[SUPPLIED ENTRIES — start]
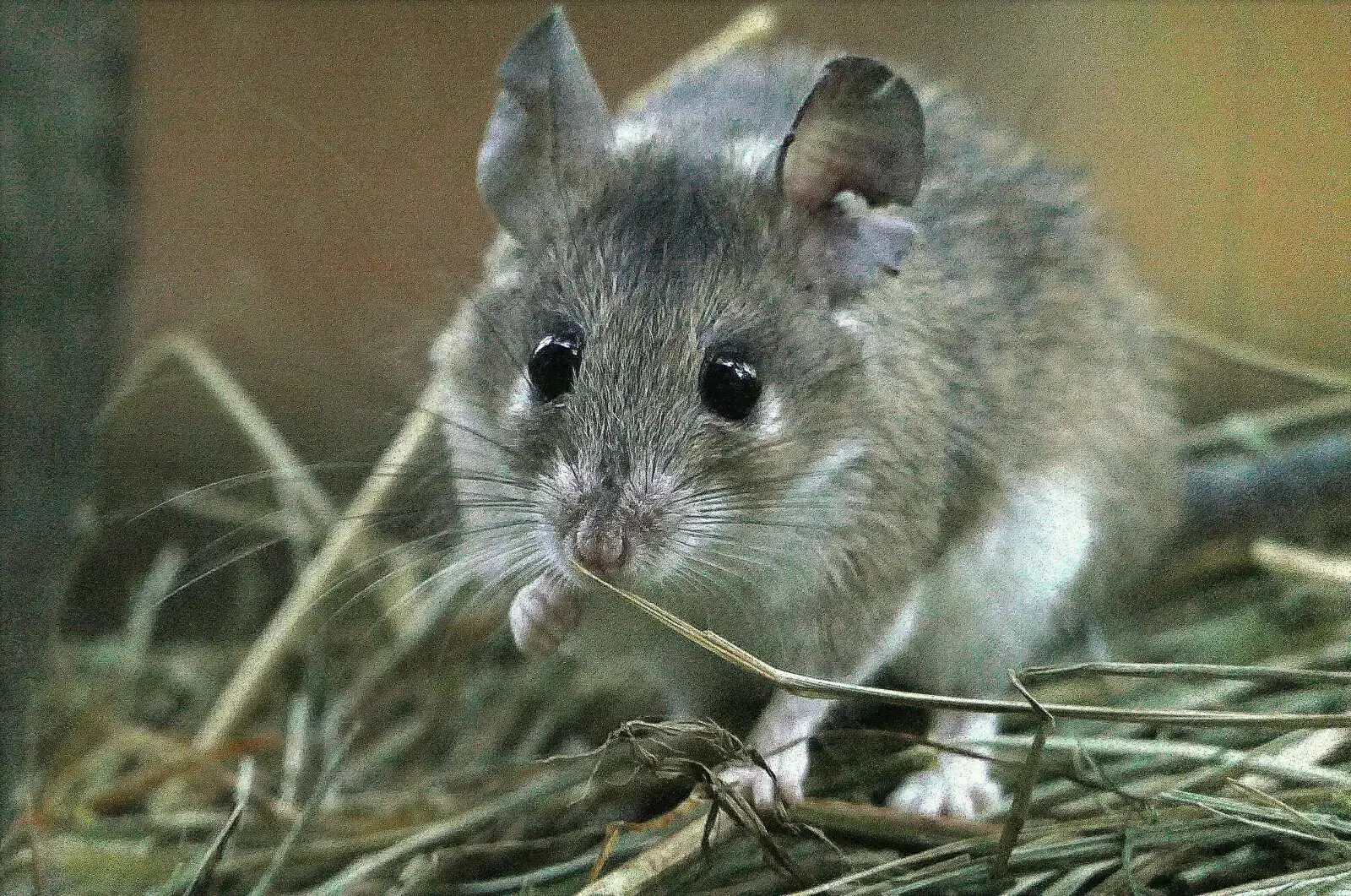 Ratón Espinoso Egipcio
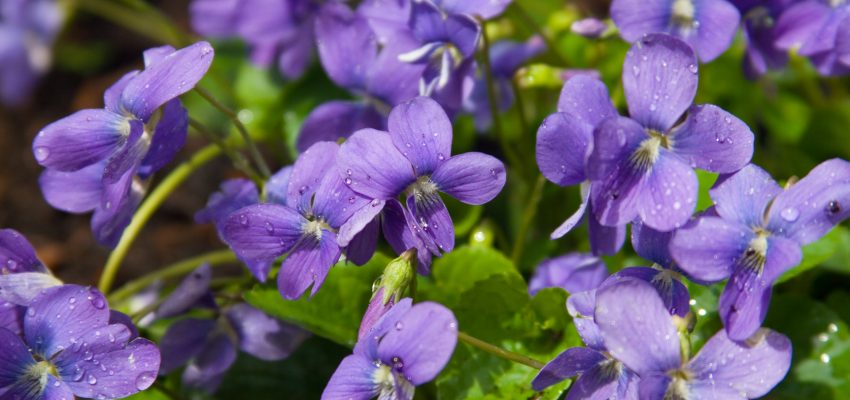 cooking with violets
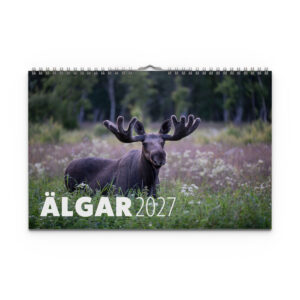 Väggkalender Älgar 2027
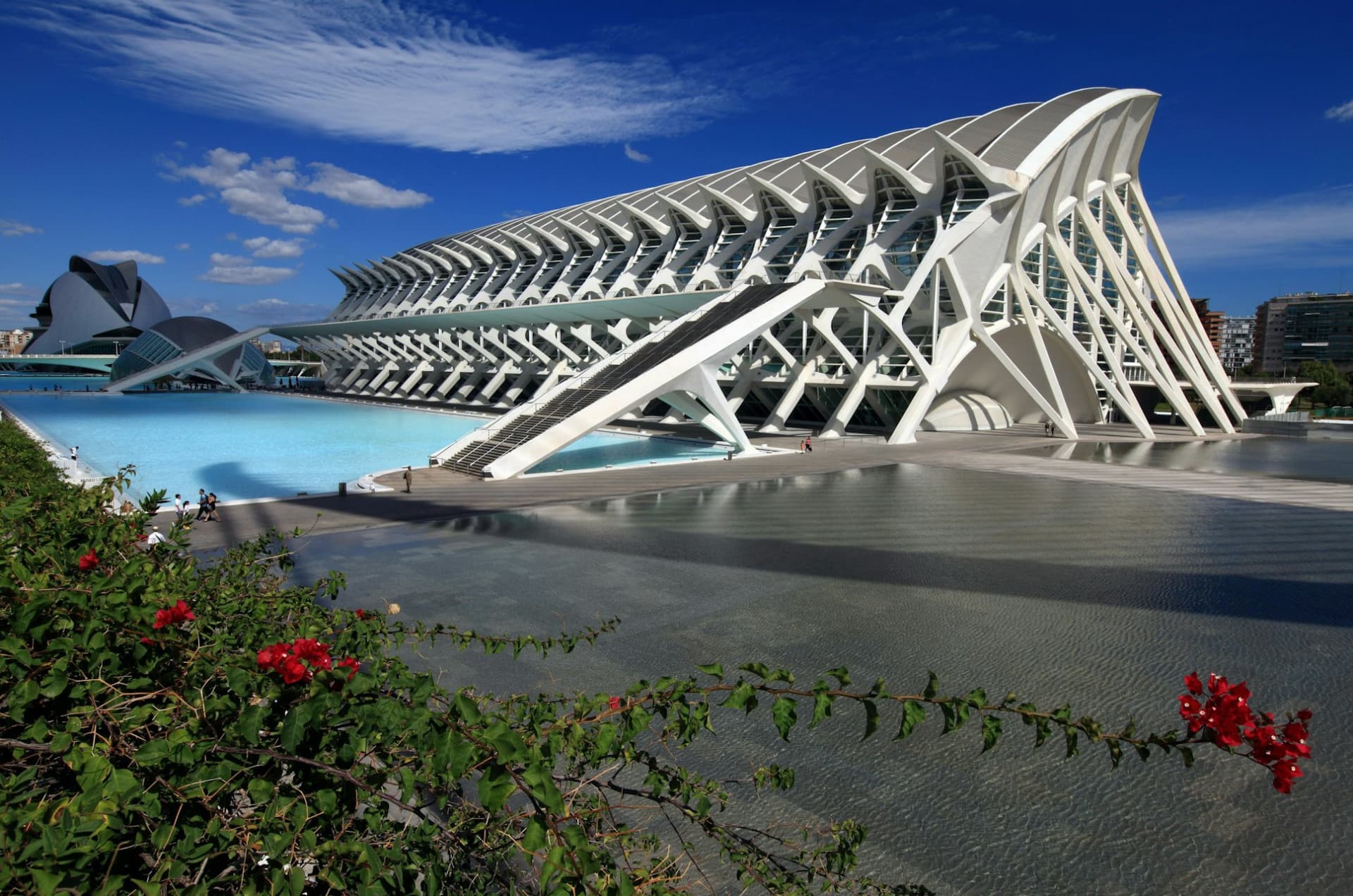 Science Museum Valencia Ticket - სურათი 4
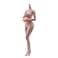 SOUFORCE 16 Scale Super Flexible Female Body 12 Pale Skin Large Bust Seamless Miniature Action Figure Body Doll Collection Without Head Sculpt
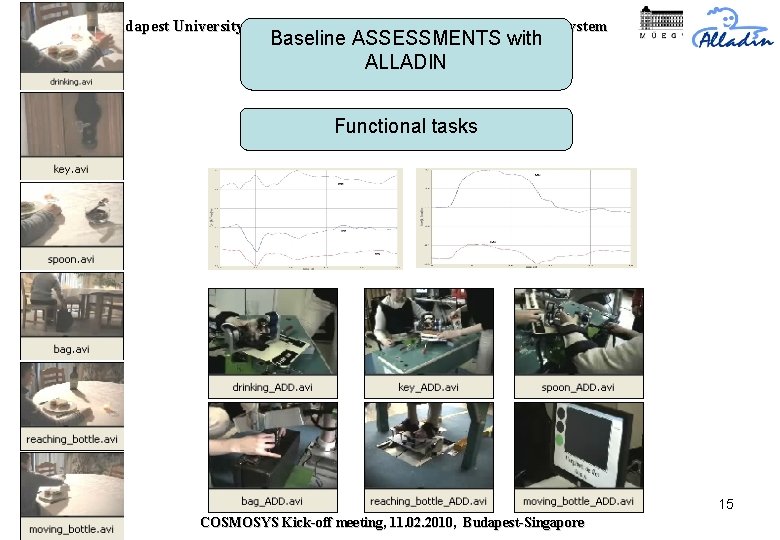 Budapest University of Technology and Economics - REHAROB system Baseline ASSESSMENTS with ALLADIN Functional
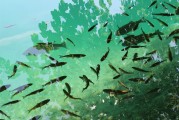 捕魚大師注冊攻略，輕松成為捕魚高手，暢享歡樂時光！捕魚大師注冊指南，快速晉升捕魚達人，盡享游戲樂趣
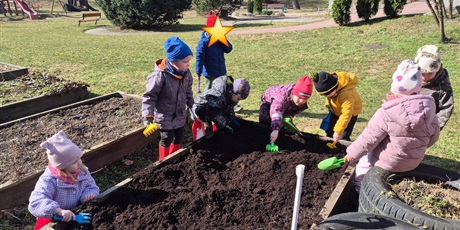 Powiększ grafikę: Wiosenny ogródek .Sadzimy cebulkę.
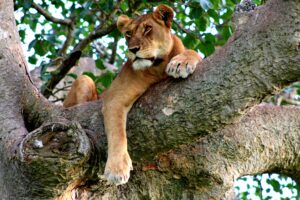 4 Days Queen Elizabeth National Park Safari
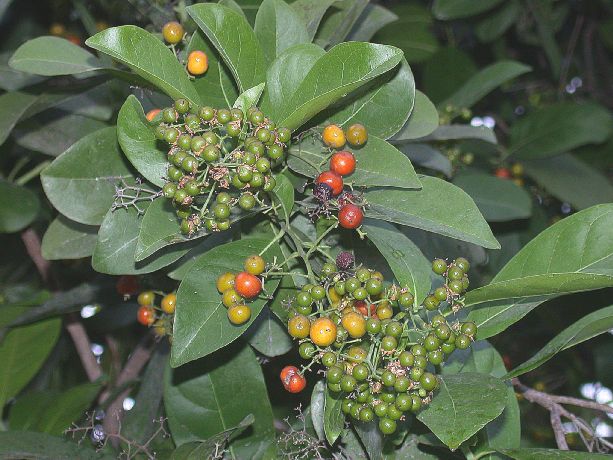 Ehretiaceae Bourreria 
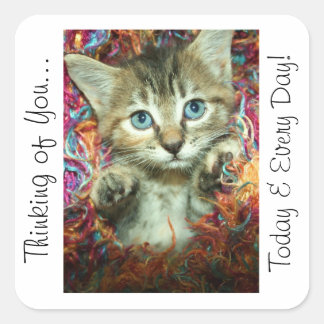 Adesivo Quadrado Pensando em você, Sticker Kitten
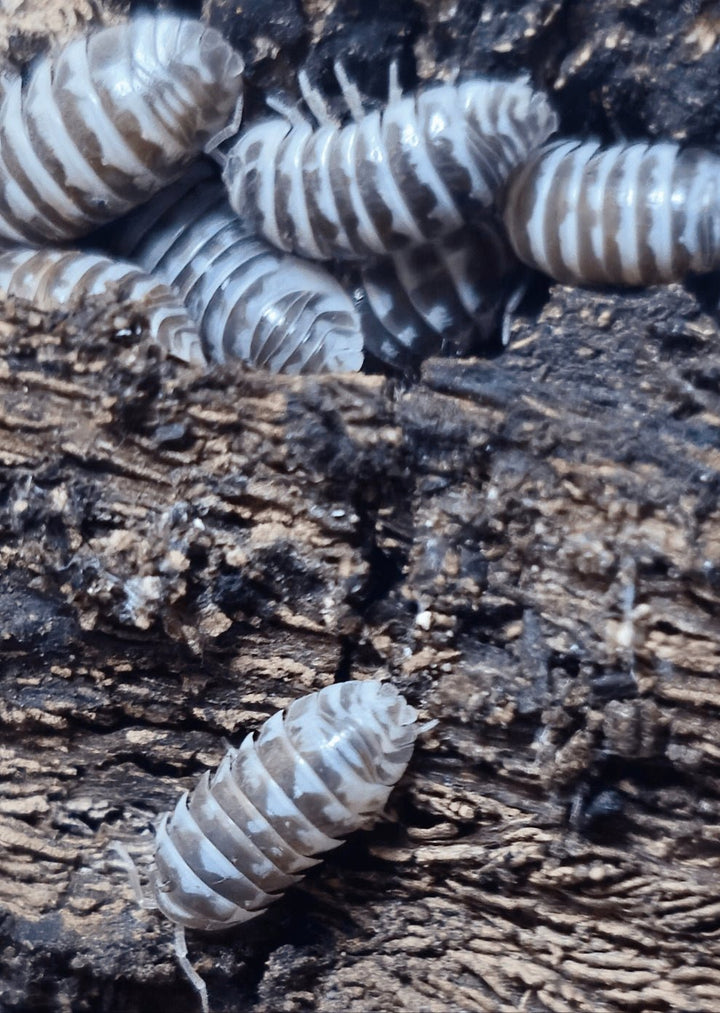 A cluster of Chocolate Zebra isopods on dark wood, with one striped isopod alone on the bark below.
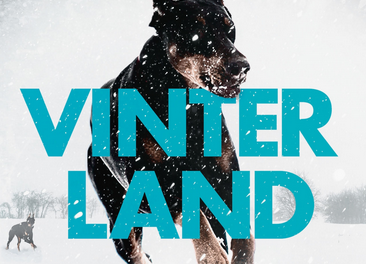 Vinterland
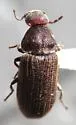 Hadrobregmus alternatus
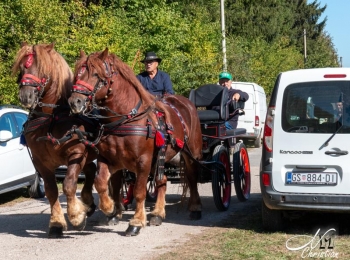 Ličko-senjska županijaStocno sajmiste (12) (1)
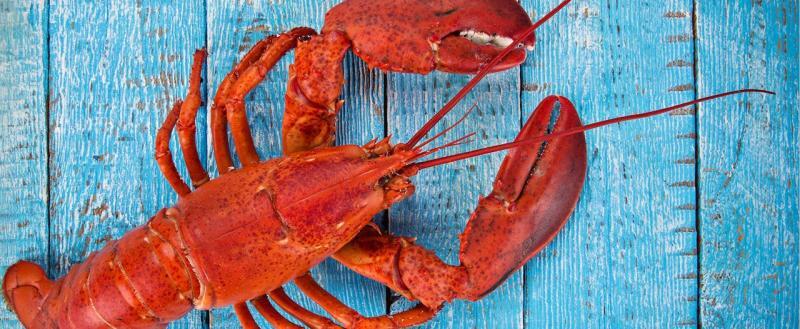 В Великобритании нельзя варить живых омаров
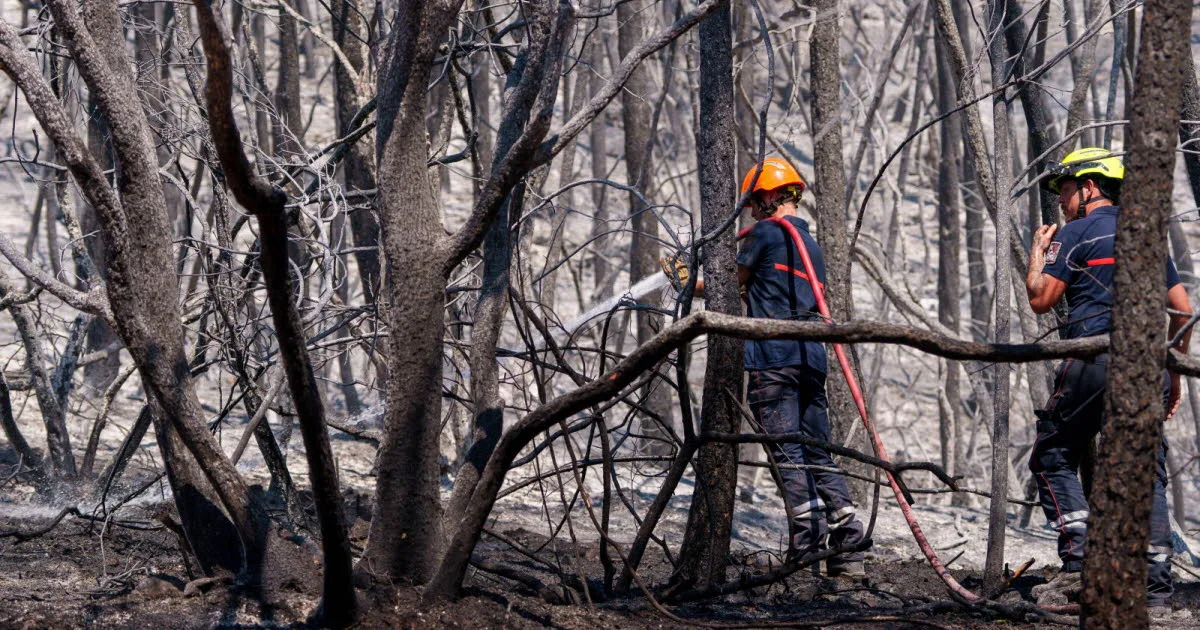 Météo. Un feu ravage plus de 400 hectares dans les Landes, au pic d'une canicule qui dépasse celle de 2003, l'essentiel de ce jeudi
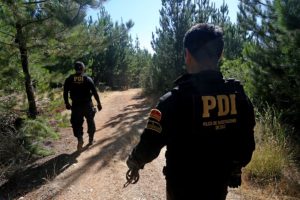 Experta de Carabineros y presunto secuestrador de Emmelyn: 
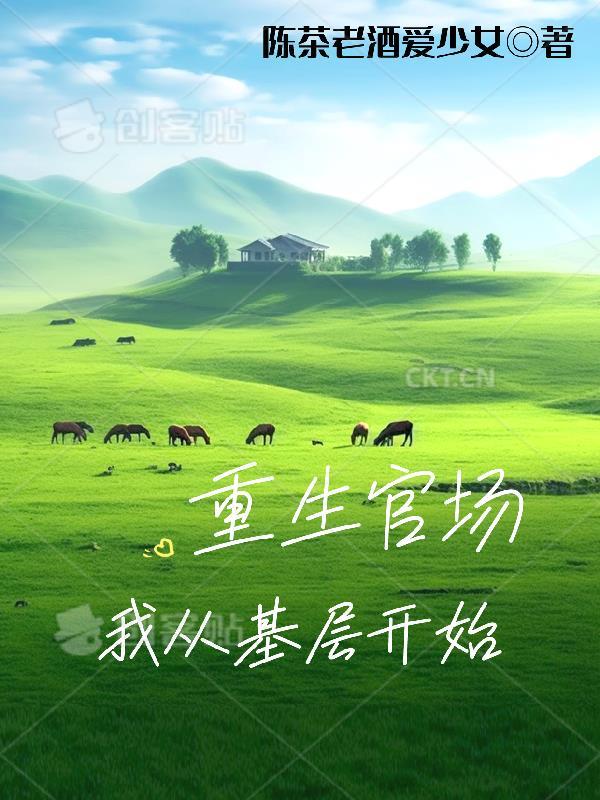 重生官场:我从基层开始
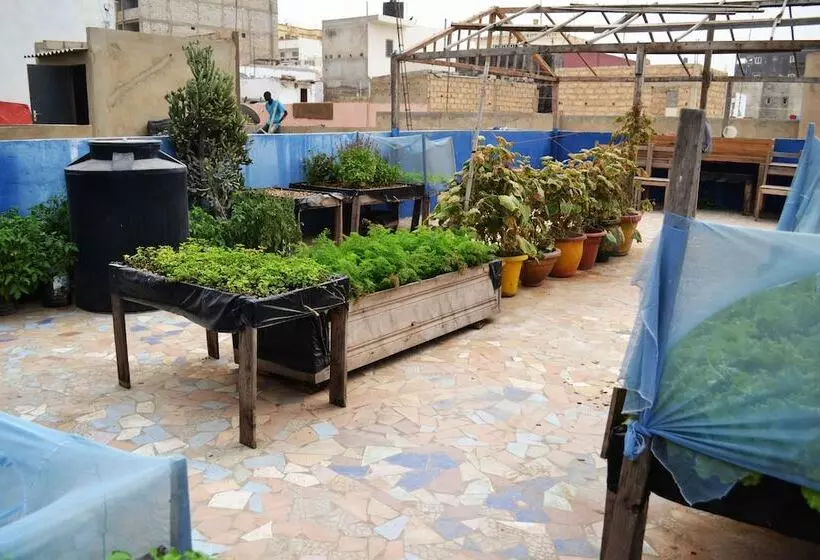 هتل Viavia Senegal Dakar   Hostel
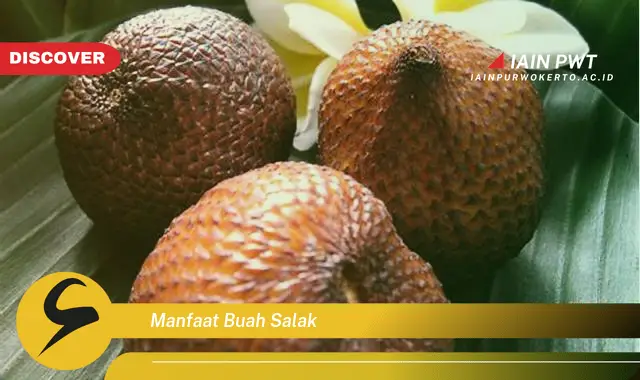 manfaat buah salak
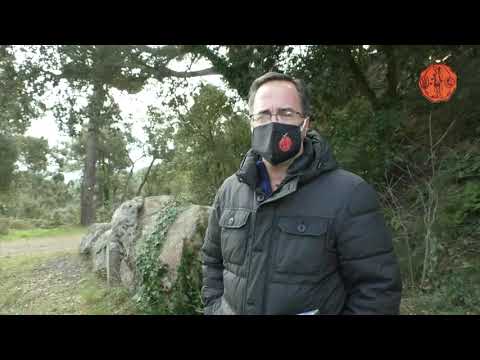 Protocols Pelegri 2021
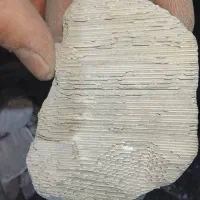 خرید و فروش کاتالیزور انواع خودرو ایرانی و خارجی|قطعات یدکی و لوازم جانبی|مینودشت, |دیوار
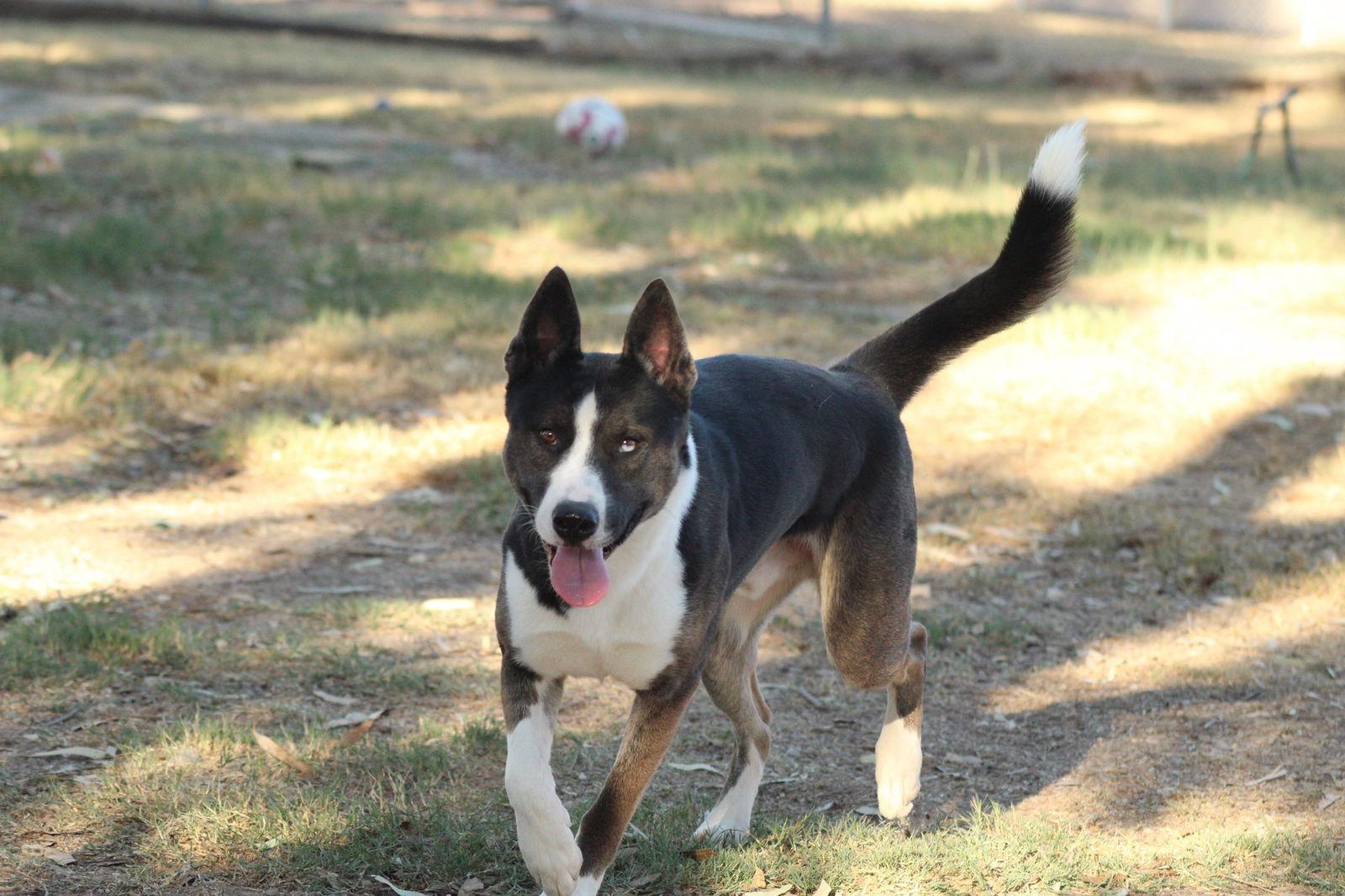 Enlarge Monty, a Adoptable Husky in El Centro, CA image 3/3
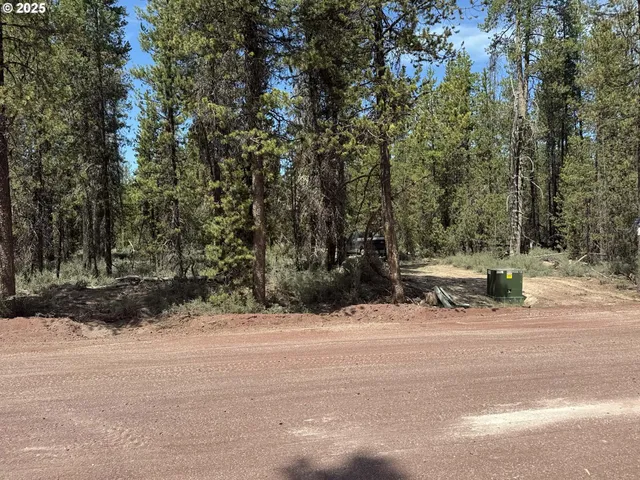 a bench is sitting in the middle of a yard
[SUPPLIED ENTRIES — finish]
| TRY IT |
The response should hold only an exact retyping of the lines from the beginning of the data through the line containing "В Великобритании нельзя варить живых омаров", both ends kept, pictures omitted.

| ANSWER SECTION |
 Ratón Espinoso Egipcio
 cooking with violets
 Väggkalender Älgar 2027
 Science Museum Valencia Ticket - სურათი 4
 SOUFORCE 16 Scale Super Flexible Female Body 12 Pale Skin Large Bust Seamless Miniature Action Figure Body Doll Collection Without Head Sculpt
 Budapest University of Technology and Economics - REHAROB system Baseline ASSESSMENTS with ALLADIN Functional
 捕魚大師注冊攻略，輕松成為捕魚高手，暢享歡樂時光！捕魚大師注冊指南，快速晉升捕魚達人，盡享游戲樂趣
 Powiększ grafikę: Wiosenny ogródek .Sadzimy cebulkę.
 4 Days Queen Elizabeth National Park Safari
 Ehretiaceae Bourreria 
 Adesivo Quadrado Pensando em você, Sticker Kitten
 A cluster of Chocolate Zebra isopods on dark wood, with one striped isopod alone on the bark below.
 Vinterland
 Hadrobregmus alternatus
 Ličko-senjska županijaStocno sajmiste (12) (1)
 В Великобритании нельзя варить живых омаров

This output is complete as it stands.